This is B2BS
First-principles analysis on second-order effects – from one B2B independent to another
This is B2BS – a newsletter about the bullshit of business and the business of bullshit.
If you’ve spent a lot of time reading LinkedIn posts, trade publications, and business newsletters these past few years, you’ve seen how disconnected business-related writing has become from how business actually works. Empty motivationalism, self-serving elitist spin, and “hot” takes that are lukewarm at best.
I started this newsletter because I want to publish something nothing like that.
B2BS is a companion to help readers navigate a postmodern, late-stage-LinkedIn world and explore how business actually works – as opposed to how it is marketed, promoted, and justified as something functional.
If you work inside an organization, B2BS will help you (1) make better decisions based on something more than prevailing narratives (and AI slop) and (2) make sense of suboptimal decisions you’re expected to defend but don’t control.
Primarily, however, B2BS is for the independents (and would-be independents). Freelancers. Fractional professionals. ICs. Sidegiggers. Hustlers. Small employers. Solo investors.
Why?
Because if you’re an independent, you can’t afford to be wrong.
Business – and business media – has become institutionalized. So have the people in business and business media. And institutions exist to support themselves. Do bad business decisions, false narratives, laziness, incompetence, and apathy cost money? Absolutely. But they don’t harm the institution at large. They harm other people downstream – scapegoat employees and contractors, trusting investors, and unsophisticated buyers.
They most harm people like you and me. We have to work harder and be smarter because we don’t have a corner of bureaucracy and insurance benefits to curl up in. And we still have to do business with – and compete with – institutions.
If you work independently, or plan to, B2BS will help you better manage business risk, improve your operations, see problems (and solutions) that others don’t, and avoid hidden pitfalls.
Accordingly, most letters here fall into one of two categories.

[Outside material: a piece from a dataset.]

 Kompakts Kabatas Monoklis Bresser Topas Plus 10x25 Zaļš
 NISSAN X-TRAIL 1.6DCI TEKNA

1. Counter-analysis. Deep dives on companies, industries, trends, policies, and emerging themes – where the surface narratives collapse once you look at data, history, context, and incentives. This “content bucket” is where I’ll explore ideas and data while bitching about irrationalities and bad reasoning.
Investors, business decision-makers, analysts, consultants, and other readers will benefit from a well-reasoned, well-researched alternative view. Subscribers will learn to second-guess mainstream narratives in favor of first principles and pattern recognition.
2. Practical guidance. Writing about contracts, payment, pricing, business filings, marketing, client management, and other operational realities for the self-employed – fractionals, freelancers, and other people working independently or thinking about it.
This content isn’t of the “how to make five million dollars a month as a freelancer” variety (if you know how to do that, please let me know) or otherwise about finding wild success. Rather, it’s about setting yourself up for success and maintaining it.
I’ve spent about 20 years in self-employment selling and providing professional services to businesses of all sizes, spanning law, media, tech, telecom, commercial real estate, financial services, life sciences, nonprofits, and the arts. I’ve worked as a marketer, as a communications specialist, as a journalist, as an analyst, and as a lawyer. I’ve advised founders, CEOs, investor groups, marketers, operations teams, and agencies.
So I’ve seen how a lot of sausage gets made. And I’m immune to a lot of bullshit.
Some of the areas I expect to cover in B2BS in the immediately coming weeks include:
The future of VR/XR – at Meta and beyond
The latent talent-attrition crisis facing law firms
Whether independent contractors should charge late fees
The problems facing the post-COVID office real-estate market
Fighting for your contract terms
Why B2B thought-leadership content sucks
If there’s a unifying idea in all this, it’s that outcomes start making sense once you stop taking stated intentions at face value and start understanding motivations.
If that sounds useful, welcome.
If not, no worries. There’s a lot of very upbeat business writing elsewhere.